[Stored items]
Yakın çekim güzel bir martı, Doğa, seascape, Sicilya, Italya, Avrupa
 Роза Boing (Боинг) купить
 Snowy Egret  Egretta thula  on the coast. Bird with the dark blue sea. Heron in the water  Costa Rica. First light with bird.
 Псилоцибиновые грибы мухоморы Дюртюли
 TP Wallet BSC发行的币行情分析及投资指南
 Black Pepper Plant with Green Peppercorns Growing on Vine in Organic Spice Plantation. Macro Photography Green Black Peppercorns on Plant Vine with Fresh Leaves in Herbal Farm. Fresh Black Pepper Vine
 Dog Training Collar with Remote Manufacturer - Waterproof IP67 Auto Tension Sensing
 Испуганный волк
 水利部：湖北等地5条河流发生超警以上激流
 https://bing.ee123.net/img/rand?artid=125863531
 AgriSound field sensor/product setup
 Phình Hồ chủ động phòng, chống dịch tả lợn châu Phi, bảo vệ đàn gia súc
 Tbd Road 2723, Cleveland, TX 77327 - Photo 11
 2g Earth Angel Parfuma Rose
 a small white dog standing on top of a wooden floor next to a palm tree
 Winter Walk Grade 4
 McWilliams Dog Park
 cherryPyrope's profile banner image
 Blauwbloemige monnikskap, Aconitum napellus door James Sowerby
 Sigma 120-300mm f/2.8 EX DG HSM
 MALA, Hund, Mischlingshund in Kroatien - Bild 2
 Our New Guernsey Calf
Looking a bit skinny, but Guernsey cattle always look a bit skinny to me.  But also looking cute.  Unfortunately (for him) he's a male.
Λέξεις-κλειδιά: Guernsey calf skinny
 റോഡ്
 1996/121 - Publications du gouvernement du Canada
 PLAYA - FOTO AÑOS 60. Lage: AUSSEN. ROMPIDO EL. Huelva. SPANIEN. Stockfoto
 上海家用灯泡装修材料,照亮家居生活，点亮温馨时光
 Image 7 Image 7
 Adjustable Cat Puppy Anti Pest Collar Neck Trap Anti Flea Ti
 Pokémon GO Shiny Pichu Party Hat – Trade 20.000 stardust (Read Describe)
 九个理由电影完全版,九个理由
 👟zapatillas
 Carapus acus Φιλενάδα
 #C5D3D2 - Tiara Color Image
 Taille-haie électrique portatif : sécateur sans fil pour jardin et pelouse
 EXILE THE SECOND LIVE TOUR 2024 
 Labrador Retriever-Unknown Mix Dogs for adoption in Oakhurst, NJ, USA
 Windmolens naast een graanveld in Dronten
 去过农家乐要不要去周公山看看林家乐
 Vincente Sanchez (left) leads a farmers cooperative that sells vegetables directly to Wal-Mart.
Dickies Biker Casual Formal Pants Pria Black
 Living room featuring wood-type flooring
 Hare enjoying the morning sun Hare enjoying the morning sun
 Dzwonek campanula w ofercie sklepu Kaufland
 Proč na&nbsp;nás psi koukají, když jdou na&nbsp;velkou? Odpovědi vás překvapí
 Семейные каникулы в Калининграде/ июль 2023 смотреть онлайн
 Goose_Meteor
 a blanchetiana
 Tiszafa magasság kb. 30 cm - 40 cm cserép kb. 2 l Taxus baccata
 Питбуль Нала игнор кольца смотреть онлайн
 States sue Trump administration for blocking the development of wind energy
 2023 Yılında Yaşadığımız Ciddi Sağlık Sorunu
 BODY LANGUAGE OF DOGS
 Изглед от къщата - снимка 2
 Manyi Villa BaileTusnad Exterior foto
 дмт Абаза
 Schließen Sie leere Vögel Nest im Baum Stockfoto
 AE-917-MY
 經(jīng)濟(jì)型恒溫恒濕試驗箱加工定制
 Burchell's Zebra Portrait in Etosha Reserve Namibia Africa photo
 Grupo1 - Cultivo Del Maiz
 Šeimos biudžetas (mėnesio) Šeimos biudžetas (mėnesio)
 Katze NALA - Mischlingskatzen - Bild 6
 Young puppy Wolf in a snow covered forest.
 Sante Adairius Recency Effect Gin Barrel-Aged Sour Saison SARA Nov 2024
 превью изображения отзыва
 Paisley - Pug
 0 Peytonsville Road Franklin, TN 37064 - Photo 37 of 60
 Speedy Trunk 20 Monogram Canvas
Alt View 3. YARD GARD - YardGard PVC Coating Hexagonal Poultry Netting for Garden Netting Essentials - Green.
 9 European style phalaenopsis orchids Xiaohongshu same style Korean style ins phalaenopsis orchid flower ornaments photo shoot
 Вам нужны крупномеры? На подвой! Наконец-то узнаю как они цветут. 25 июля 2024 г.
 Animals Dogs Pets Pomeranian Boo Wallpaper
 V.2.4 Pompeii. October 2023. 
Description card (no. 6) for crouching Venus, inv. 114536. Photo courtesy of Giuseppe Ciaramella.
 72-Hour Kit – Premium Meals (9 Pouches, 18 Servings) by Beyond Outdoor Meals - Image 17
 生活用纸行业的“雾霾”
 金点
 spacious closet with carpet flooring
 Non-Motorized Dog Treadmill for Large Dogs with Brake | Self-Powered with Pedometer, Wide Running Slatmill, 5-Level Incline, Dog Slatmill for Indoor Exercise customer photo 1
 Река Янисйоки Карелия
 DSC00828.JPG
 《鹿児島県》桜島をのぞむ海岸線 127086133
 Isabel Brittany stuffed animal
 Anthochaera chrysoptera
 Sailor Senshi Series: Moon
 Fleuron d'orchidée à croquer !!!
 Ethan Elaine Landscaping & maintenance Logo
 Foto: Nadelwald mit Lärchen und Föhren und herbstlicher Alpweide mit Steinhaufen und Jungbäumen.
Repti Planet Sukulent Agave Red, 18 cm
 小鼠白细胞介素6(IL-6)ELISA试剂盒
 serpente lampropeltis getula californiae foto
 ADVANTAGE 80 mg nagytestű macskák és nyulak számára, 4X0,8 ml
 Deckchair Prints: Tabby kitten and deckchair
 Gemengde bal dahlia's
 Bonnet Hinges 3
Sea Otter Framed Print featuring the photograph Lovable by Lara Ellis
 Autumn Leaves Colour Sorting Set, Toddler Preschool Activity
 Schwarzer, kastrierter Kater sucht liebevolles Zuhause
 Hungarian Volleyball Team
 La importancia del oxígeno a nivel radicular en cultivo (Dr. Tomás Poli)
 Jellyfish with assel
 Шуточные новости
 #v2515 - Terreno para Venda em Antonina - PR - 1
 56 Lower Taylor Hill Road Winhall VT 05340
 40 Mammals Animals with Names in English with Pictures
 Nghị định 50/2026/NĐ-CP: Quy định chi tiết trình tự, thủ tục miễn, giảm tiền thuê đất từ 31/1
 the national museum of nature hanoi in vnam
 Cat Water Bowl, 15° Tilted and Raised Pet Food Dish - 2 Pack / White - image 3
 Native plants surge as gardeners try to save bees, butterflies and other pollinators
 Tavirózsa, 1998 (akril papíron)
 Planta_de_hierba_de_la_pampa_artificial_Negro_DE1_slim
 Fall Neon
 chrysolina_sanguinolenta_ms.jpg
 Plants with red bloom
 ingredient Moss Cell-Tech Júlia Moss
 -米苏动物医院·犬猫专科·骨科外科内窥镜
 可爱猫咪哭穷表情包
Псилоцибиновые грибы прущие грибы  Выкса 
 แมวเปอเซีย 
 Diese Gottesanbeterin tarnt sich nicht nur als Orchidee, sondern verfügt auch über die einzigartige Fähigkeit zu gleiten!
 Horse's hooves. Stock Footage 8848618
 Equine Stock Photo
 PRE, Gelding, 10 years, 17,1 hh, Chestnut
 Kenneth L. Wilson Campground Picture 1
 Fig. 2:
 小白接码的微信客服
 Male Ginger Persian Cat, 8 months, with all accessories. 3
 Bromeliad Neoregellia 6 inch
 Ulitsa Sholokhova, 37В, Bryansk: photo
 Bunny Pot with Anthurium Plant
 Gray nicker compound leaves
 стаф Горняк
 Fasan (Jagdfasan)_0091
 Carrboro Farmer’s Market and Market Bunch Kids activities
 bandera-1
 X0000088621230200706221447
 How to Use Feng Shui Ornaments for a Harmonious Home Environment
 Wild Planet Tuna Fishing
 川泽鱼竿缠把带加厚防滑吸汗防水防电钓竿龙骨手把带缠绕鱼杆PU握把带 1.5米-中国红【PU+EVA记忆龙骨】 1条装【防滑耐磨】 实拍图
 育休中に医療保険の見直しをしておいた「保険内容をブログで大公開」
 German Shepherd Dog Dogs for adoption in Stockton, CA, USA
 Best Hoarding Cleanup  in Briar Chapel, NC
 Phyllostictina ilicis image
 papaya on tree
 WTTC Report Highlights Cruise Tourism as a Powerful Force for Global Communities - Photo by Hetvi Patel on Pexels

- [EXERCISE PROMPT]
Your answer should consist of the lines from the line with "Cat Water Bowl, 15°" through the last line of the data, set down exactly, both included.

- [RESPONSE]
 Cat Water Bowl, 15° Tilted and Raised Pet Food Dish - 2 Pack / White - image 3
 Native plants surge as gardeners try to save bees, butterflies and other pollinators
 Tavirózsa, 1998 (akril papíron)
 Planta_de_hierba_de_la_pampa_artificial_Negro_DE1_slim
 Fall Neon
 chrysolina_sanguinolenta_ms.jpg
 Plants with red bloom
 ingredient Moss Cell-Tech Júlia Moss
 -米苏动物医院·犬猫专科·骨科外科内窥镜
 可爱猫咪哭穷表情包
Псилоцибиновые грибы прущие грибы  Выкса 
 แมวเปอเซีย 
 Diese Gottesanbeterin tarnt sich nicht nur als Orchidee, sondern verfügt auch über die einzigartige Fähigkeit zu gleiten!
 Horse's hooves. Stock Footage 8848618
 Equine Stock Photo
 PRE, Gelding, 10 years, 17,1 hh, Chestnut
 Kenneth L. Wilson Campground Picture 1
 Fig. 2:
 小白接码的微信客服
 Male Ginger Persian Cat, 8 months, with all accessories. 3
 Bromeliad Neoregellia 6 inch
 Ulitsa Sholokhova, 37В, Bryansk: photo
 Bunny Pot with Anthurium Plant
 Gray nicker compound leaves
 стаф Горняк
 Fasan (Jagdfasan)_0091
 Carrboro Farmer’s Market and Market Bunch Kids activities
 bandera-1
 X0000088621230200706221447
 How to Use Feng Shui Ornaments for a Harmonious Home Environment
 Wild Planet Tuna Fishing
 川泽鱼竿缠把带加厚防滑吸汗防水防电钓竿龙骨手把带缠绕鱼杆PU握把带 1.5米-中国红【PU+EVA记忆龙骨】 1条装【防滑耐磨】 实拍图
 育休中に医療保険の見直しをしておいた「保険内容をブログで大公開」
 German Shepherd Dog Dogs for adoption in Stockton, CA, USA
 Best Hoarding Cleanup  in Briar Chapel, NC
 Phyllostictina ilicis image
 papaya on tree
 WTTC Report Highlights Cruise Tourism as a Powerful Force for Global Communities - Photo by Hetvi Patel on Pexels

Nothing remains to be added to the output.